The three groups here raise some very interesting questions. Twenty-six patients satisfy the Sapporo criteria and are quite similar to other such series of patients described previously. The range of antibody tests and the nature of the cerebrovascular lesions has the same broad spectrum as has been previously described [6, 15]. Based on previous experience, steps need to be taken to reduce the recurrence rate and in this series warfarin was generally used unless contraindicated. This is in agreement with the practice of others [11, 12, 20] although there is no clear consensus as to the optimal treatment of these patients  with the findings of Crowther et al challenging the need for high intensity anticoagulation, demonstrating that the absolute risk of recurrent thrombosis was low where the INR was maintained at 2.0–3.0. A more recent by Finazzi et al reported similar results with high-intensity warfarin (INR 3.0 – 4.5) conferring no advantage over standard treatment (INR 2.0 – 3.0) in the prevention of recurrent thrombosis in individuals with antiphospholipid syndrome and was associated with an increased risk of minor haemorrhage. Both of these studies however, excluded patients with a history of recurrent thrombosis anticogulant therapy and therefore looked at a group likely to be a lower risk of recurrent events. In Crowther et al's study, individual's allocated to the high intensity group were below the target range 43% of the time. Three of the six individuals had an INR < 3.0 at the time of thrombosis while a fourth had ceased warfarin 137 days prior to the event  (reviewed in ). It is unclear from the second study as to how frequently those allocated to the high intensity group were sub-therapeutic but the mean INR of 3.2 would suggest that at least some individuals were sub-therapeutic throughout the time of the study. These studies therefore do not necessarily refute the findings of previous groups that high intensity warfarin may confer a benefit in those at high risk of recurrent thrombosis.

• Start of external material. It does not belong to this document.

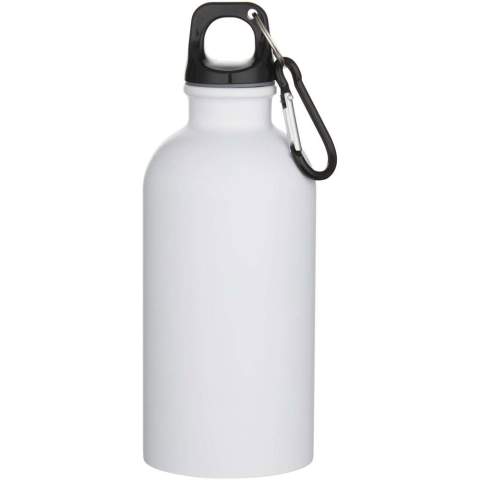 Always stay hydrated with this durable yet lightweight 400 ml water bottle made from RCS certified recycled stainless steel with a matte finish. It’s the perfect companion for sports, day trips or the office. The single-walled Oregon bottle has a twist-off cap and offers plenty of space to add any kind of logo. Clip the attached carabiner (not suitable for climbing) securely to a bag to keep it from getting lost.
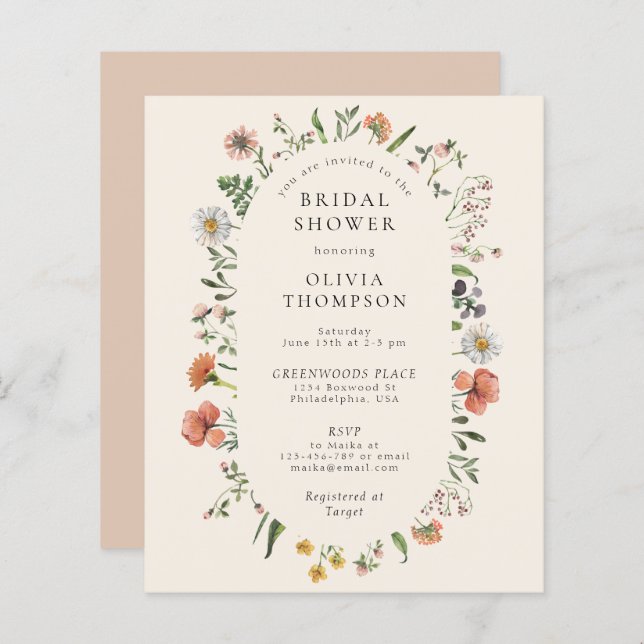 Lámina Ducha de novias en el arco de flores silvestres de (Anverso / Reverso)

On the basis of the results of the Stroke Prevention in Reversible Ischemia Trial which found that high intensity anticoagulation (INR 3.0 – 4.5) was associated with an increased risk of major bleeding including cerebral haemorrhage [25, 26], in addition to the small study by al-Sayegh  detailing haemorrhagic complications in a small group of patients with primary and secondary antiphospholipid syndrome, other groups have chosen to use low dose aspirin as prophylactic treatment in individuals with antiphospholipid syndrome who present with ischaemic stroke . In our group however, 3 of the 8 patients developed further thrombotic disease while on low dose aspirin, two had recurrent strokes while the third had a spontaneous deep venous thrombosis. All three were subsequently treated with warfarin. However, it is difficult to draw conclusions based on on our study or those of al-Sayegh  and Derksen , due to their small size and lack of statistical power.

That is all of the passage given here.